For many, perhaps most, people, this would generate a sense of anxiety. Why is he there? What's the point of videotaping the protest? Sure, channel 6 might do this, but why the Federal Bureau of Investigation? In all likelihood, you will begin to wonder whether this might land you in a file. At this point, you might begin to second-guess your decision to march. After all, whether you protest or not will have absolutely no effect on national policy. One marcher more or less is a matter of no consequence. But what if the FBI turns this photograph over to the Internal Revenue Service, or to your employer, or to your landlord? The next time someone asks you to march in a protest, sign a petition, or attend a lecture by a government critic, you just might think twice.

Such participation is a fundamental aspect of free speech. It is easily discouraged ("chilled") because our individual act of expression is unlikely to make a difference. But if many people are individually chilled, the overall impact on public discourse can be quite dramatic. This is why courts formulating First Amendment doctrine generally pay special attention to the dangers of chilling effect.

Unfortunately, courts generally pay attention to chilling effect only when the government is actually doing something to harm an individual because of his speech - for example, criminally prosecuting him, firing him or allowing him to be sued. In such circumstances, courts try to ensure that the law protect not only the person being prosecuted, fired or sued, but also those who might be deterred from speaking by the fear of being prosecuted, fired or sued.

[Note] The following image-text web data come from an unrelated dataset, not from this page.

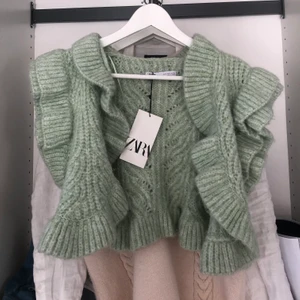 Stickad kofta - Superfin stickad kofta från zara. Aldrig använd och prislapp kvar! Nuvarande bud 360kr, avslutas onsdagskväll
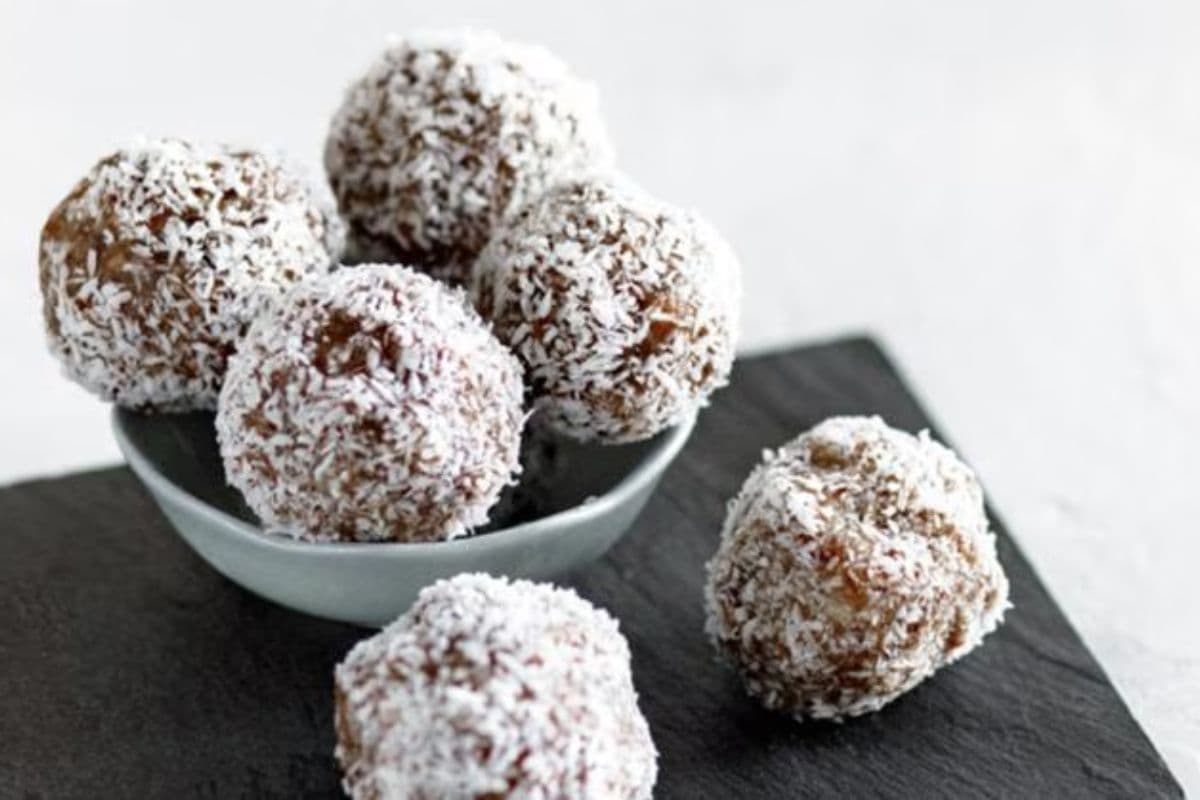 Coconut Chocolate Ladoo Recipe: बिना गैस के बनाएं स्वादिष्ट चॉकलेट नारियल लड्डू, जानिए आसान तरीका 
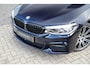 BMW 5-Serie Touring 530i High Executive M | M Pakket | Schuif/kanteldak | Head-Up display | 20 inch | Adaptieve cruise control | Luchtvering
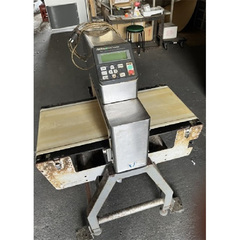 中古アンリツ金属検出機(通過幅450×通過高さ125mm)／品番 KD8125A 問い合わせ番号　Z-01096-7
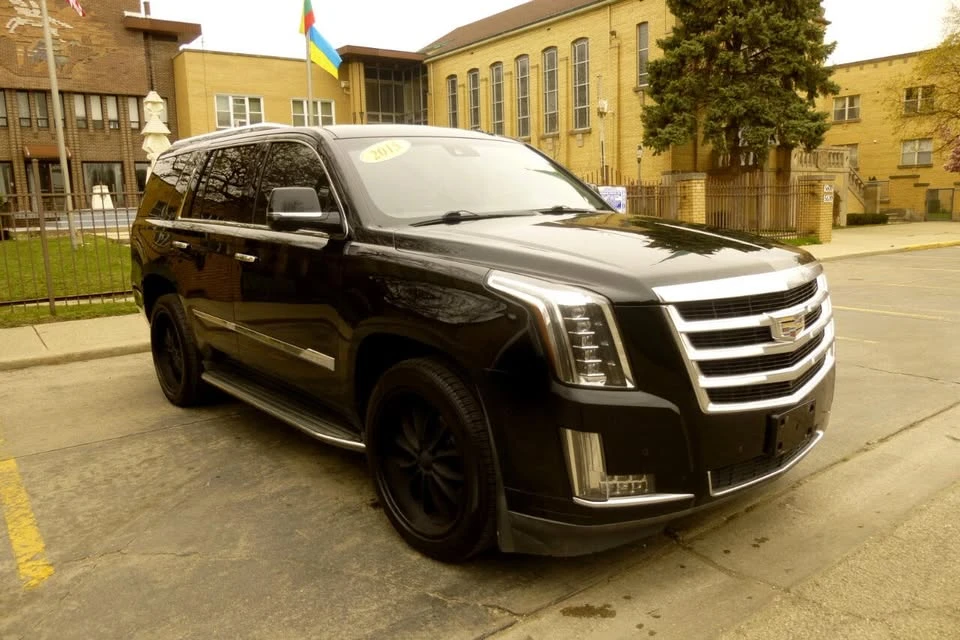 2015 Cadillac Escalade 4th Gen - Image 11 of 19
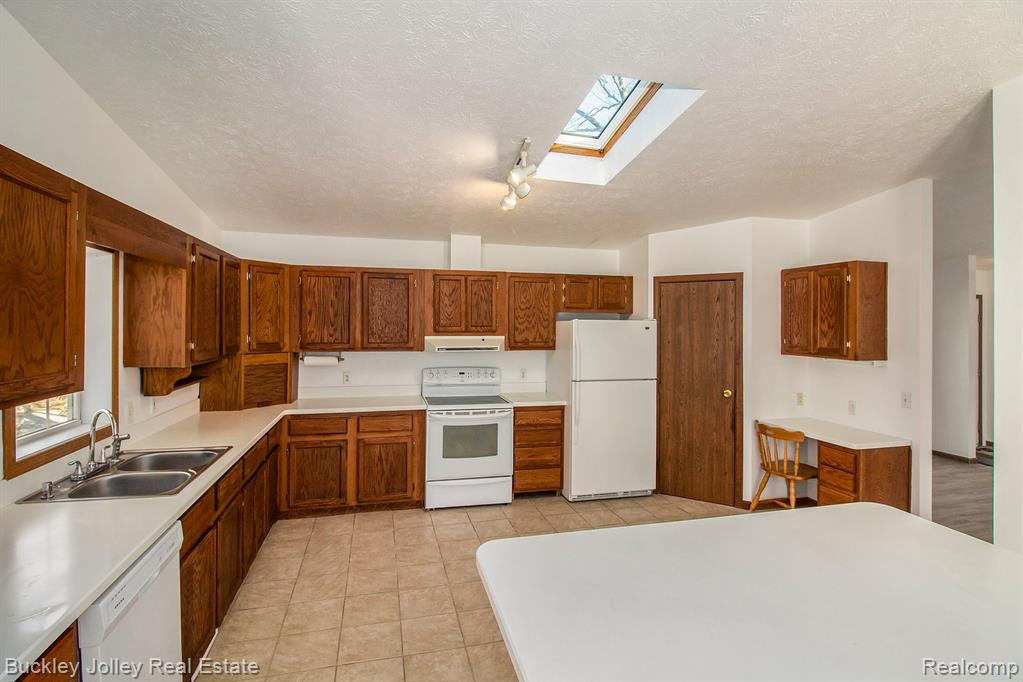 915 OAKCREST Road, Howell, MI 48843 — Photo 15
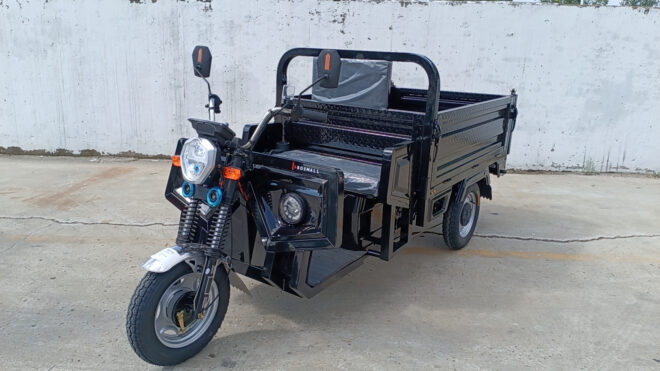 Electric Three Wheel 1.6m with Hydraulic Lifting Unit - Image 5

Note, however, that in my demonstration hypothetical, the government isn't necessarily doing anything to directly harm anyone. It's only filming the event. And, so far as we know, the government isn't using the information to do anything improper. The fear is only that the government might do so. In this situation, which is quite common, courts are usually reluctant to allow individuals to challenge the government's conduct. If they can't prove the government has misused the information against them, they have nothing to complain about. Mere chilling effect is not enough. That you might never again exercise your First Amendment right to sign a petition or march in a demonstration because of your fear that the government will misuse the videotape is not a legally cognizable harm.

This is a very bad doctrine. It is why the government can usually get away with videotaping political demonstrations, demanding that bookstores and libraries turn over information about book buyers and borrowers, recording the names of those who attend particular mosques, and wiretapping phone calls when no single individual can prove that he was wiretapped. All of these techniques have been used by the Bush administration; all of them have a serious chilling effect; and under existing law it is very difficult for anyone to challenge the constitutionality of the government's conduct. The very fact that the government keeps secret what it does with the information prevents anyone from suing, even though the information gathering can have serious consequences for First Amendment activity.

There is one ray of hope. On February 15, federal Judge Charles S Haight, Jr ruled that the New York City police cannot - in the absence of any reason to believe that unlawful activity might be afoot - constitutionally videotape individuals who are peacefully exercising their First Amendment right to demonstrate against government policy. More than thirty years ago, Attorney General Edward Levi recognized this same principle. He adopted a Justice Department guideline prohibiting any FBI investigation of a political or religious organization or activity in the absence of reasonable grounds to believe that unlawful conduct was involved. Unfortunately, the Bush administration repealed that guideline. Hopefully, Judge Haight's decision will be a significant step toward fixing this glaring deficiency in American constitutional law.